On Wednesday night, October 13, I went in for prostaglandin treatment. After being back home for an hour or so, I was in labor. I always have fast labors so we went directly to the hospital. At 5:09 a.m. on Thursday, October 14, Erin Jeannette was born. She weighed 5# 8-1/2 oz. At 5:24 a.m. Kiersten Erika was born. She weighed 4# 7 oz. We were able to hold both girls and have some photographs. They were so beautiful. I especially remember their sweet rosebud lips. Both of our parents were able to see them too. We spent nearly an hour with the babies, but I wish we had spent a little longer time and had a few more pictures taken of us with them. The hospital staff were excellent in their care for us and we felt they were very supportive.

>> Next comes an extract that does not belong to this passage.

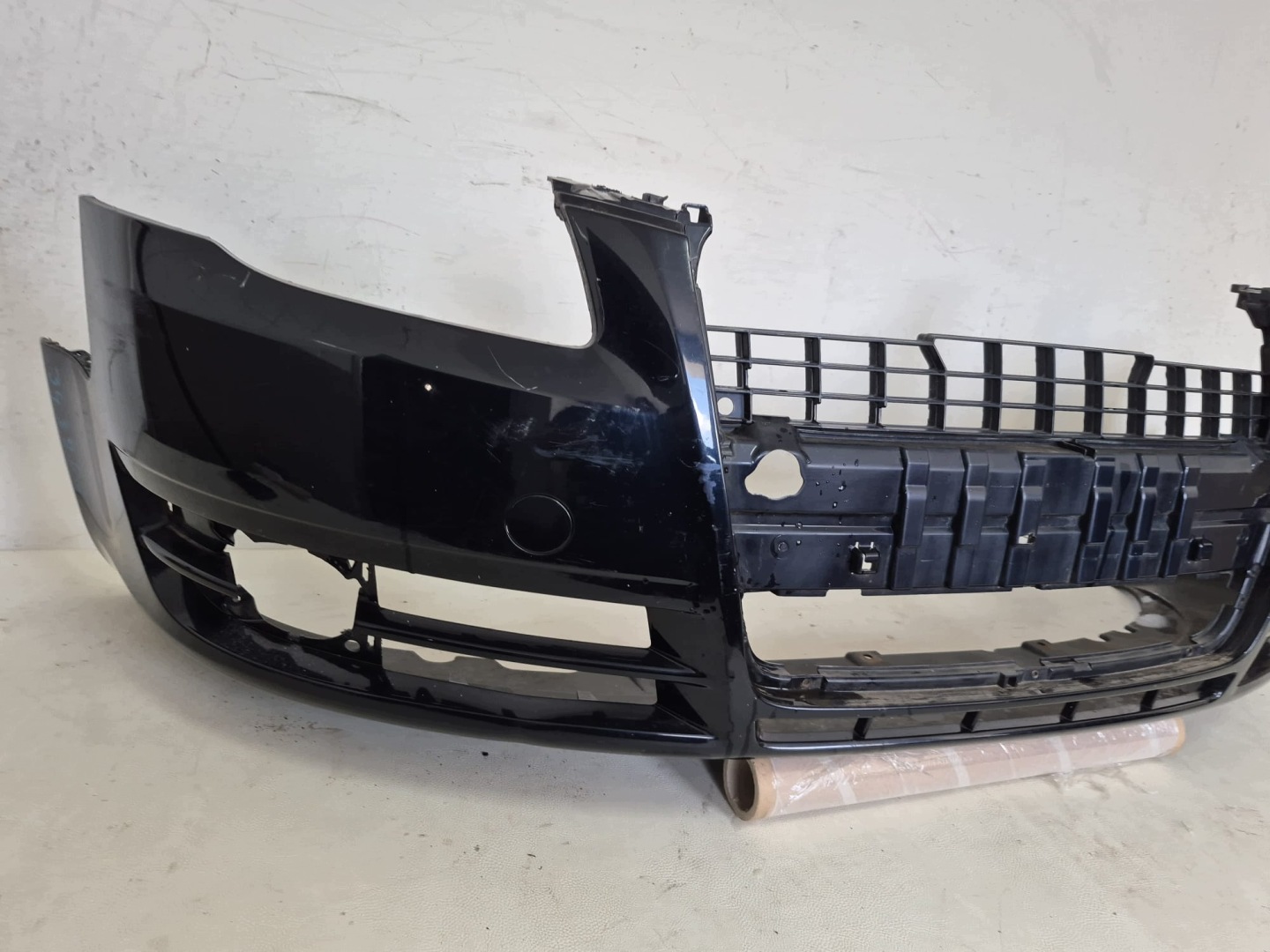 AUDI A4 B7 8E0 04- bumper front front 8E0807437AG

We had the babies cremated. Erik’s father was taking a trip to Norway the next month. We asked him to spread their ashes in a fjord there since Norway is where both of our families have come from. After the autopsy and other test results came back, the reason given for their death was chronic twin-twin transfusion syndrome. Erin’s organs and size were all about 20% bigger than Kiersten’s. They were identical, but they have no idea what caused the big surge of blood to flow between them causing their death.

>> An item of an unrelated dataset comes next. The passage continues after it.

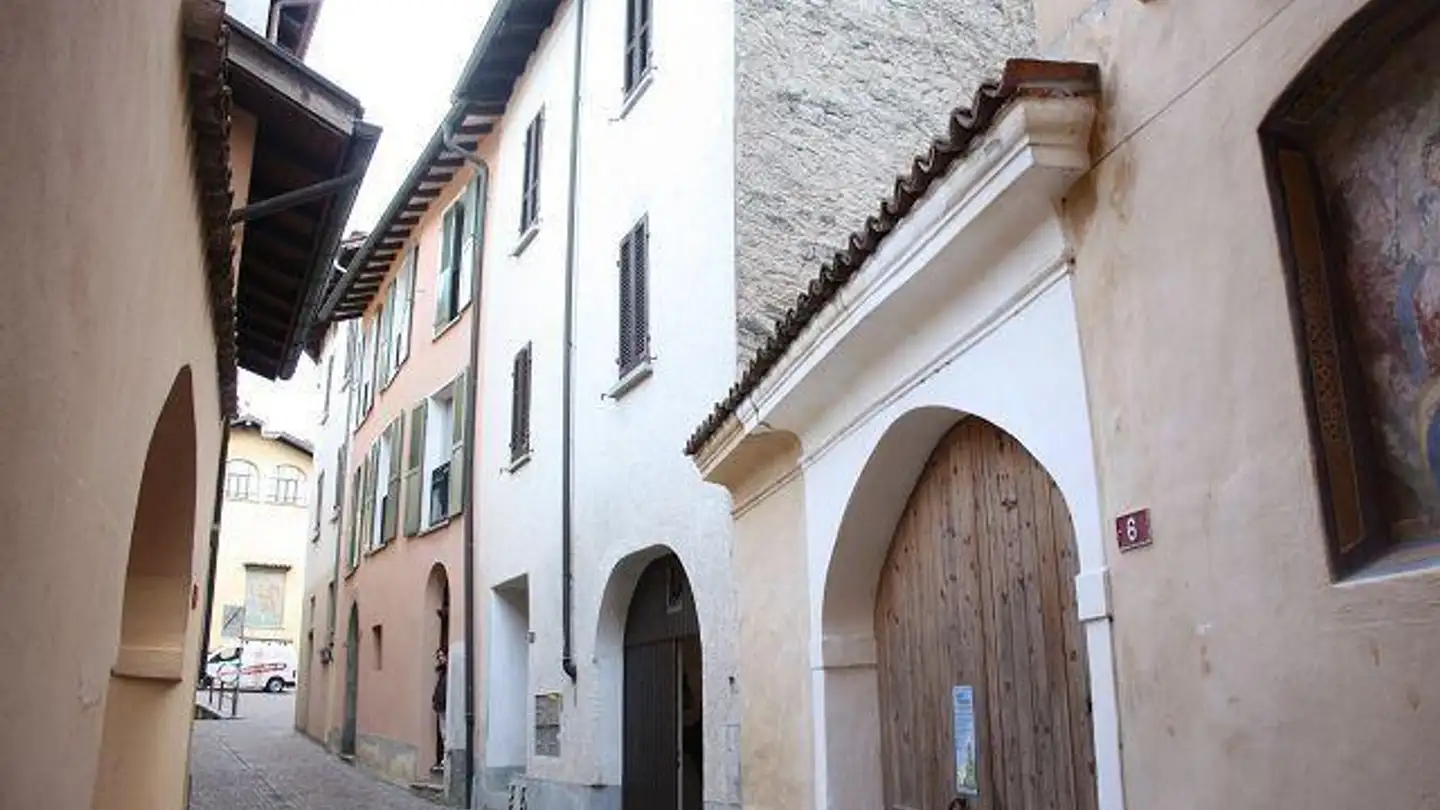 Apartment for rent - 6987 Caslano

As you know the loss we feel is immense. We were supported by many caring people and appreciate that very much. It’s hard for friends to know how to help, but we received many cards, flowers, meals and several trees to plant in the girls’ memory. CLIMB has been immensely helpful to me in supporting me and letting me learn of others with similar experiences. I have also compiled a scrapbook with many memories of Erin and Kiersten and have bought a Mother’s ring. Erin and Kiersten’s pink birthstones are together in the middle surrounded by Andrew and Kari’s stones. It helps me to be able to look at it and remember them. I also have two other special remembrances that I cherish. My Mom was making quilts for the babies. Instead of finishing them as two crib quilts she used one for the center of the quilt and used the other one’s material to surround it, creating a quilt that fits on our bed. She also embroidered the girls’ names and birthdate on the corners. The other thing is a Snow Babies ceramic statue of two adorable little angels playing tic-tac-toe with stars and circles. Nothing can ever take the place of our twin girls, but it does help to have as many remembrances of them as we can.

My husband has been a wonderful support and we have grown even closer. It was so very hard on him too and we both still miss the girls so much. In some ways it is hard to believe that next week is the one year anniversary of their deaths. Time has gone by when at first I didn’t think it would. But it also just seems like yesterday that we were grieving and asking why, why?? Our kids still mention the twins. The other day, Erik was talking about them and Kari said, “I wish they were still here. I’d dress them in pretty dresses.” Erik said maybe we’ll get to see them and hold them in heaven. Kari said, “No we’re not going to heaven, we’re going to stay home.”

We are expecting again February. We are happy, but definitely don’t come into this pregnancy with the same naive excitement as before.


…She and her husband have had two subsequent children.